INPUT DATA >>
********************
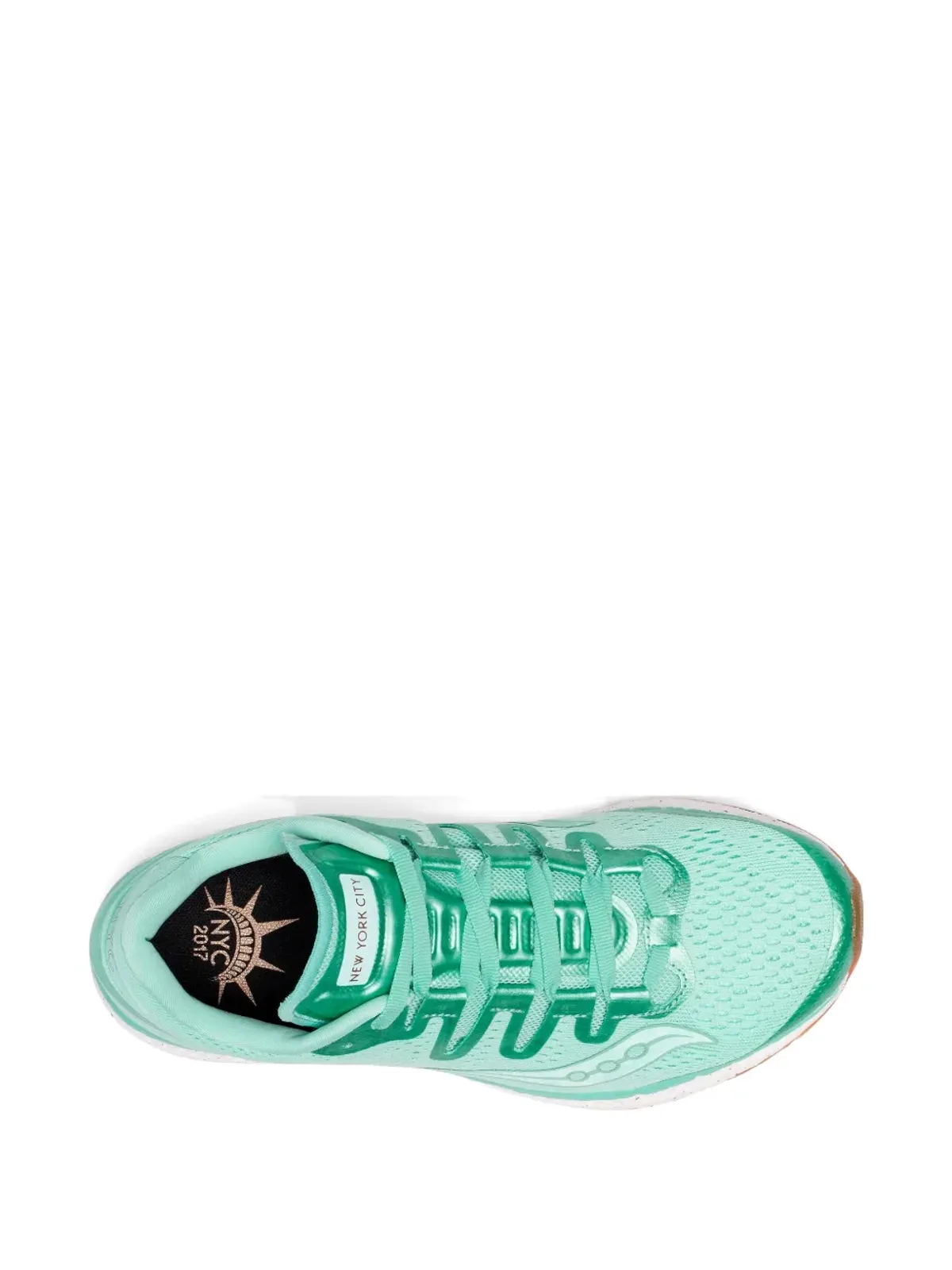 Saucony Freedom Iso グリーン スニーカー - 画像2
********************
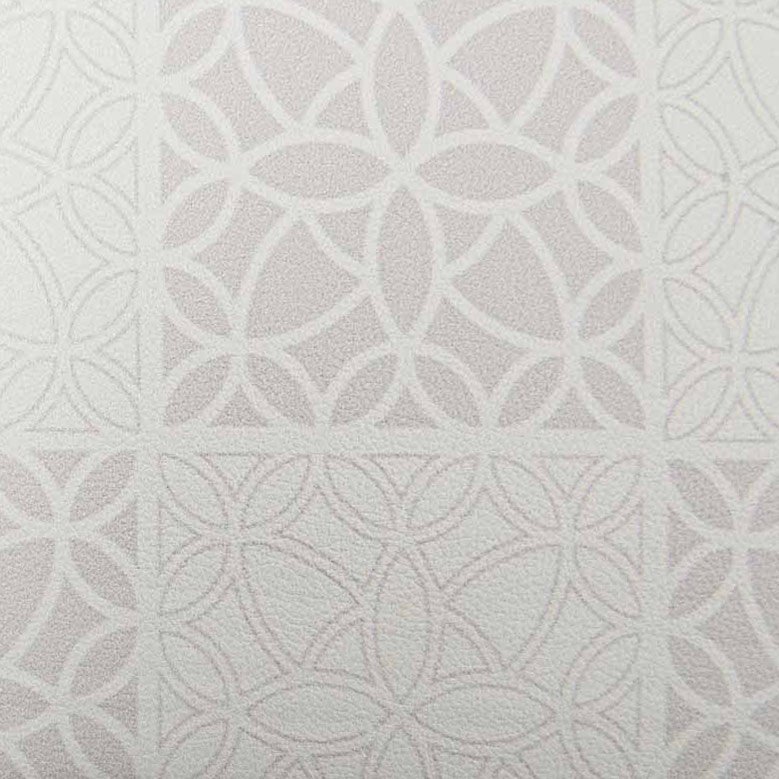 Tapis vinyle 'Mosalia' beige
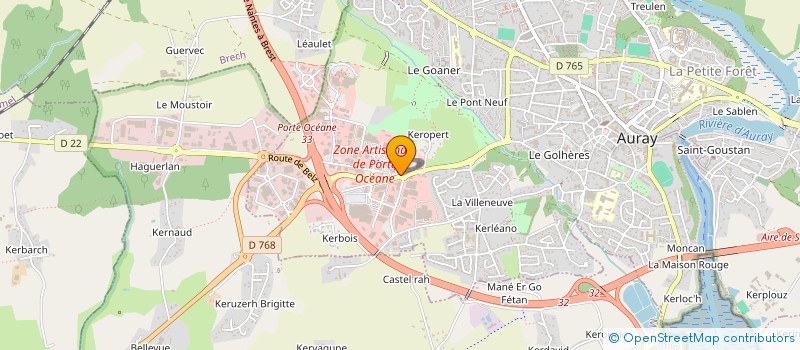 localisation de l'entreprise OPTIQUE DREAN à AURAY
********************
EXERCISE DIRECTIONS >> Give again the stretch of the entries above that begins at the line with "Tapis vinyle 'Mosalia' beige" and ends at the line with "localisation de l'entreprise", word for word, with no pictures.

ANSWER TO THIS EXERCISE >>
 Tapis vinyle 'Mosalia' beige
 localisation de l'entreprise OPTIQUE DREAN à AURAY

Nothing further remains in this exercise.